:: What the task requires ::
Starting at the line that contains "2022 Toyota HILUX 2.8 ROGUE (A) - 5" and ending at the final line of the entries below, write out each line exactly as it appears, but omit the pictures.

:: Dataset entries ::

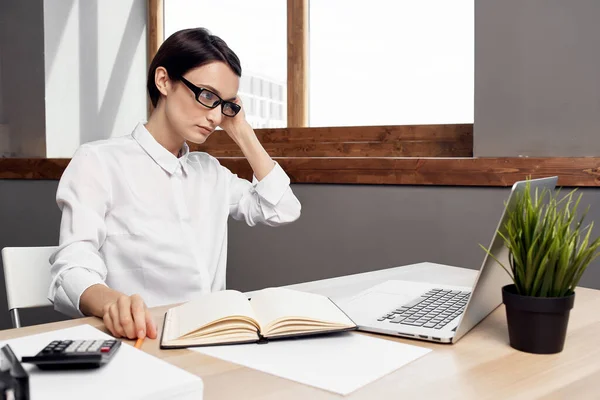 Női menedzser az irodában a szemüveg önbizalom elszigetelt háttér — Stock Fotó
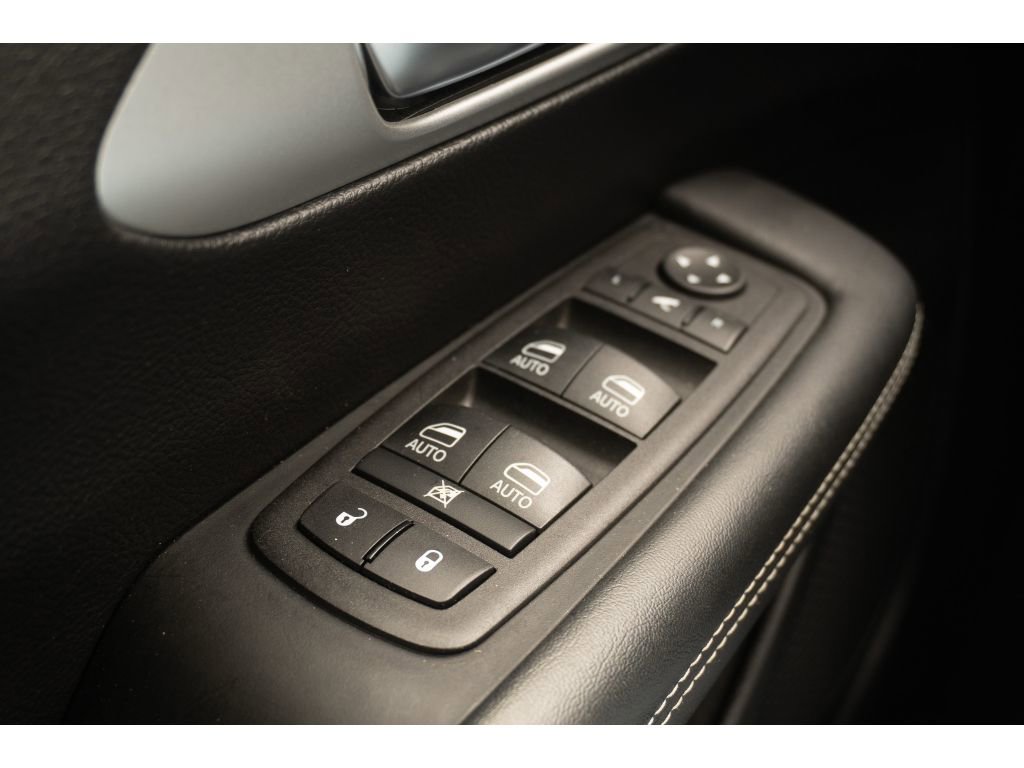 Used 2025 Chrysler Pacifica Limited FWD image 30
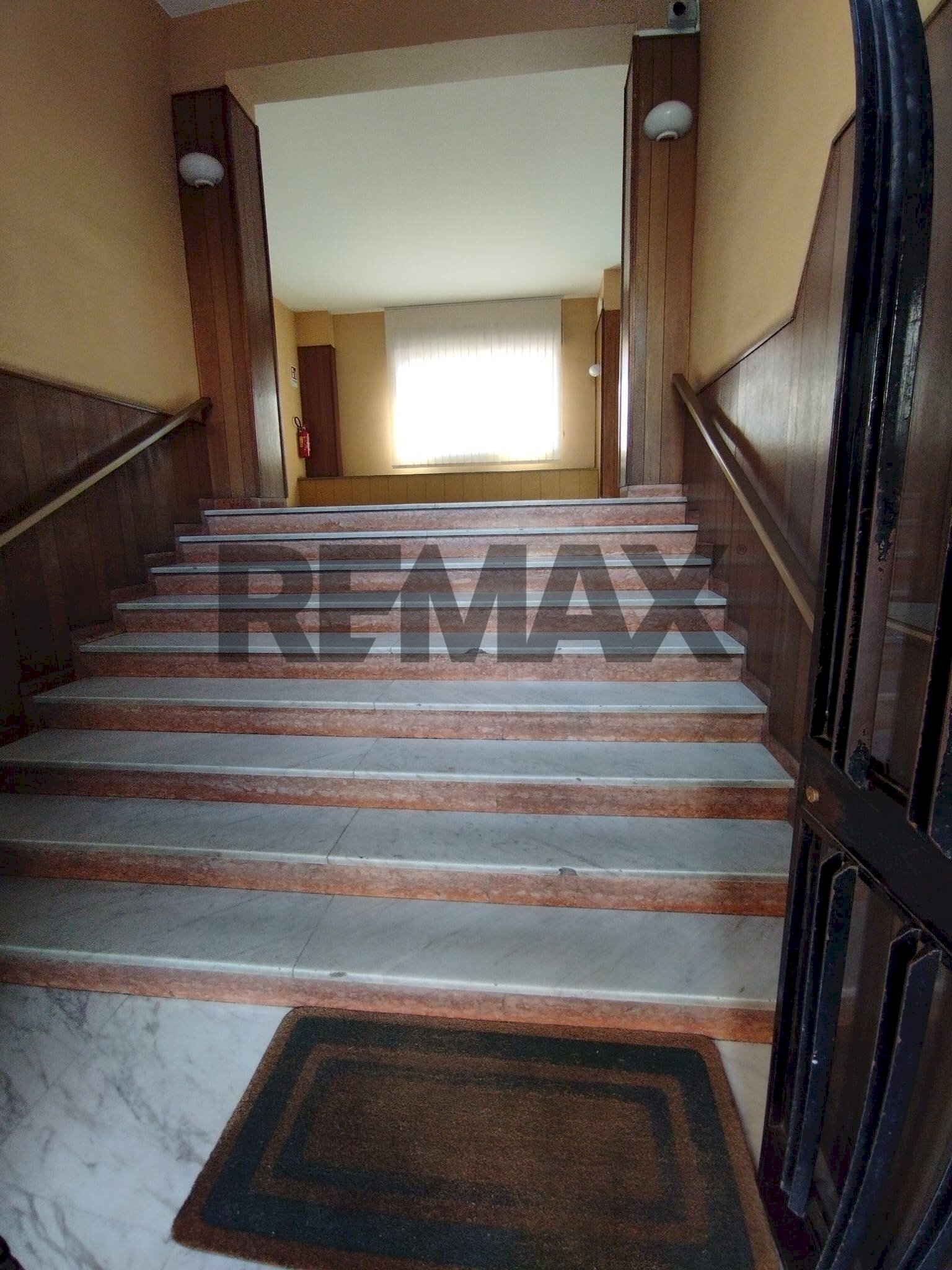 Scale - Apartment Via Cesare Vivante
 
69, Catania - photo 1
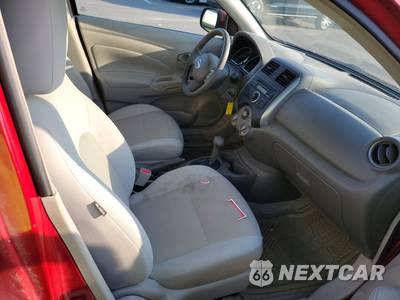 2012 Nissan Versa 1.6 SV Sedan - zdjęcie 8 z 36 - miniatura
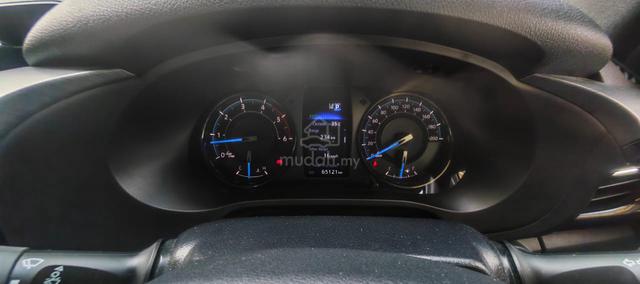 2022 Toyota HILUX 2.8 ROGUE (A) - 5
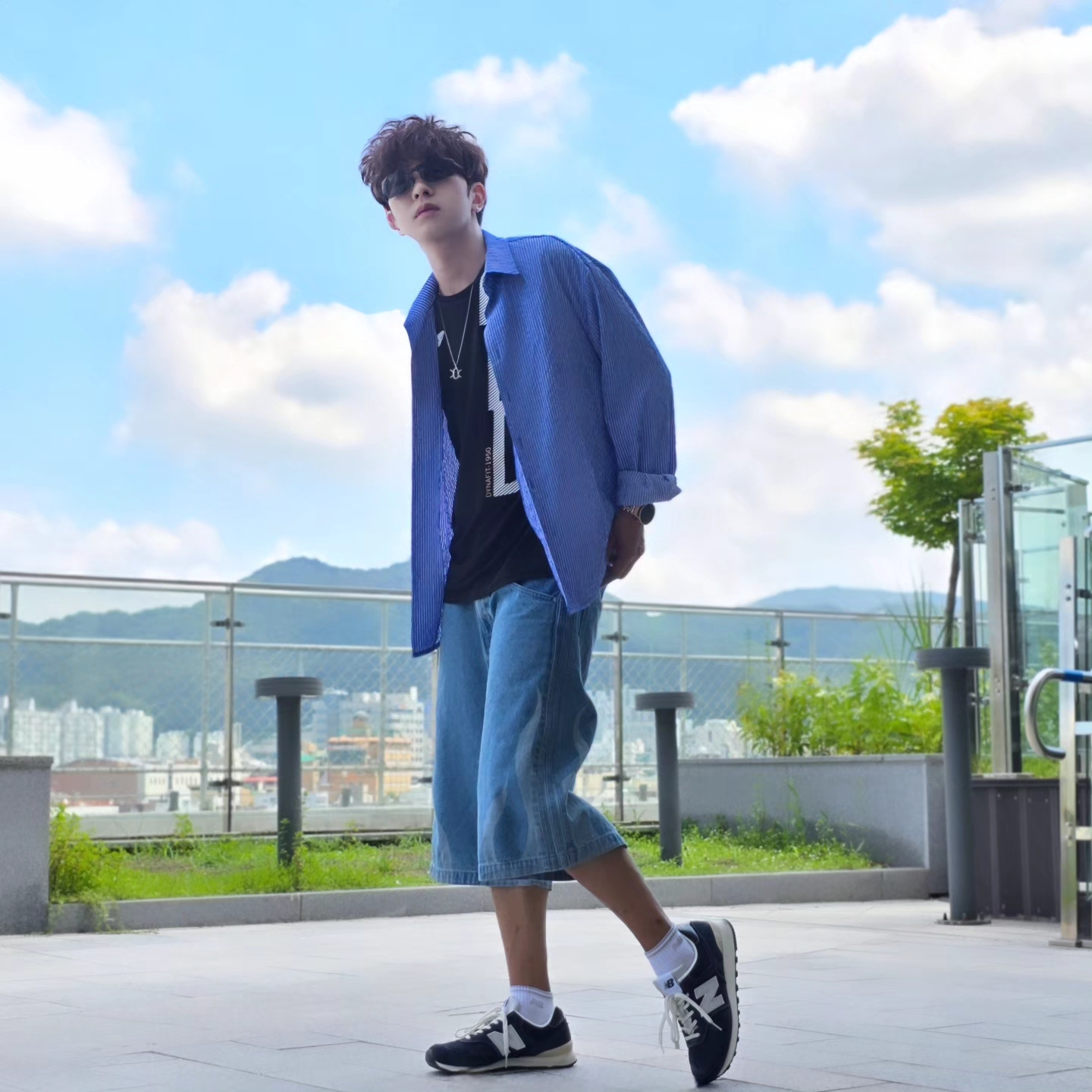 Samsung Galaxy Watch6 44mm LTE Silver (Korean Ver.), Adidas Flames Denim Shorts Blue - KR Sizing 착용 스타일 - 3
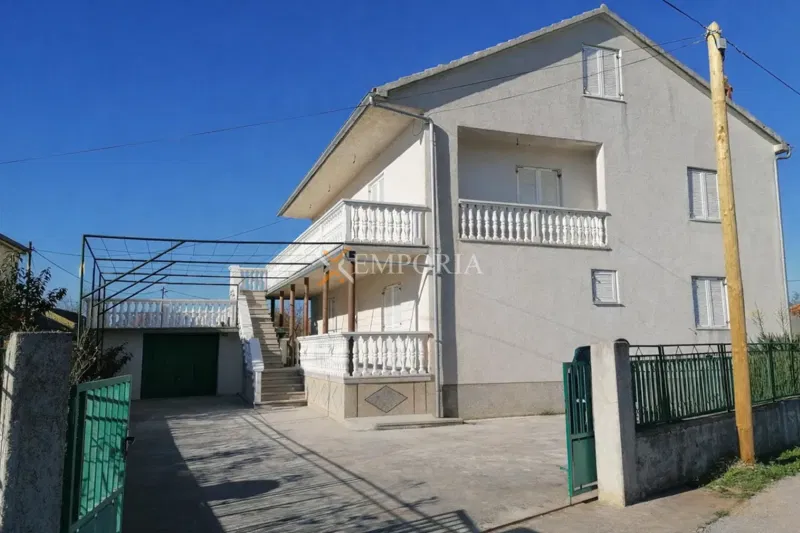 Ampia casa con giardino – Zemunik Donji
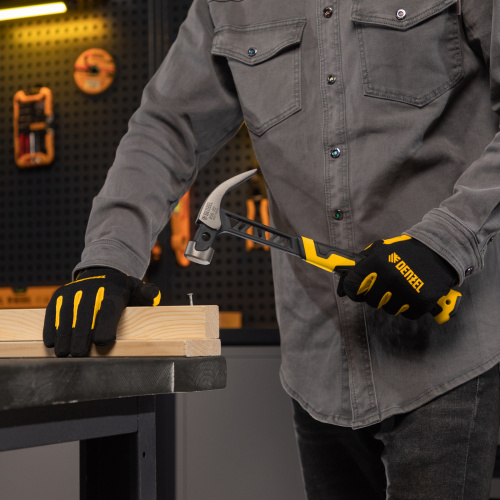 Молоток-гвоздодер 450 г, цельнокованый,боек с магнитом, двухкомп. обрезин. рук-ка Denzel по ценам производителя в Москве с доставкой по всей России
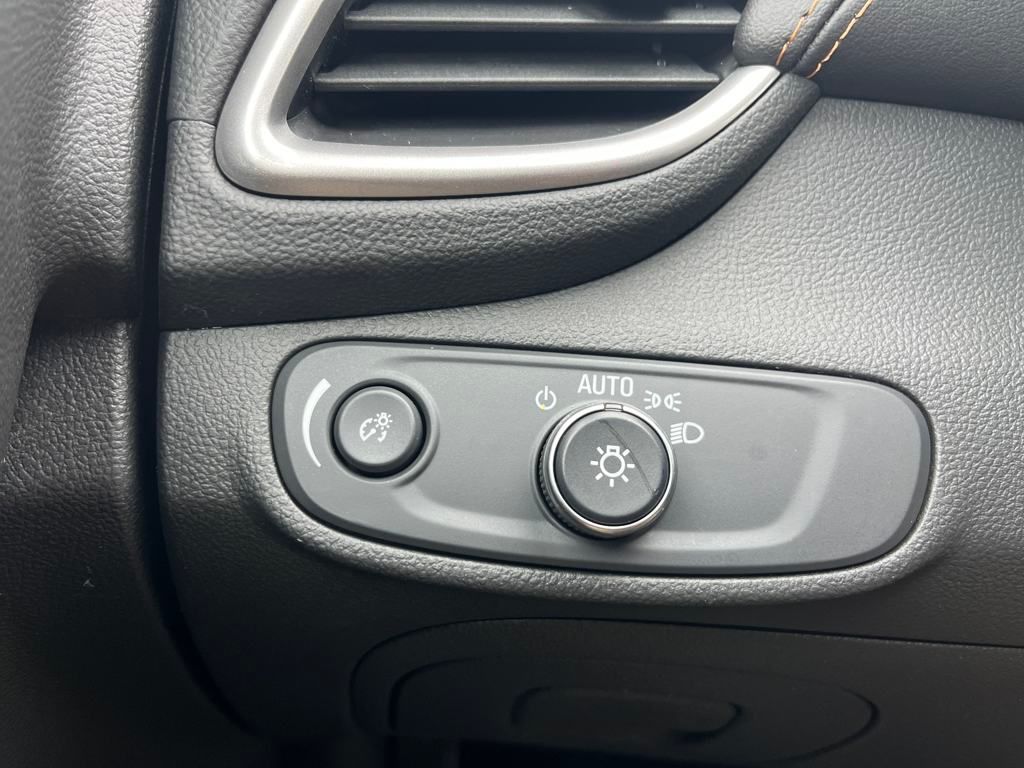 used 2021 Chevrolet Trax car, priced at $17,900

:: Answer box ::
 2022 Toyota HILUX 2.8 ROGUE (A) - 5
 Samsung Galaxy Watch6 44mm LTE Silver (Korean Ver.), Adidas Flames Denim Shorts Blue - KR Sizing 착용 스타일 - 3
 Ampia casa con giardino – Zemunik Donji
 Молоток-гвоздодер 450 г, цельнокованый,боек с магнитом, двухкомп. обрезин. рук-ка Denzel по ценам производителя в Москве с доставкой по всей России
 used 2021 Chevrolet Trax car, priced at $17,900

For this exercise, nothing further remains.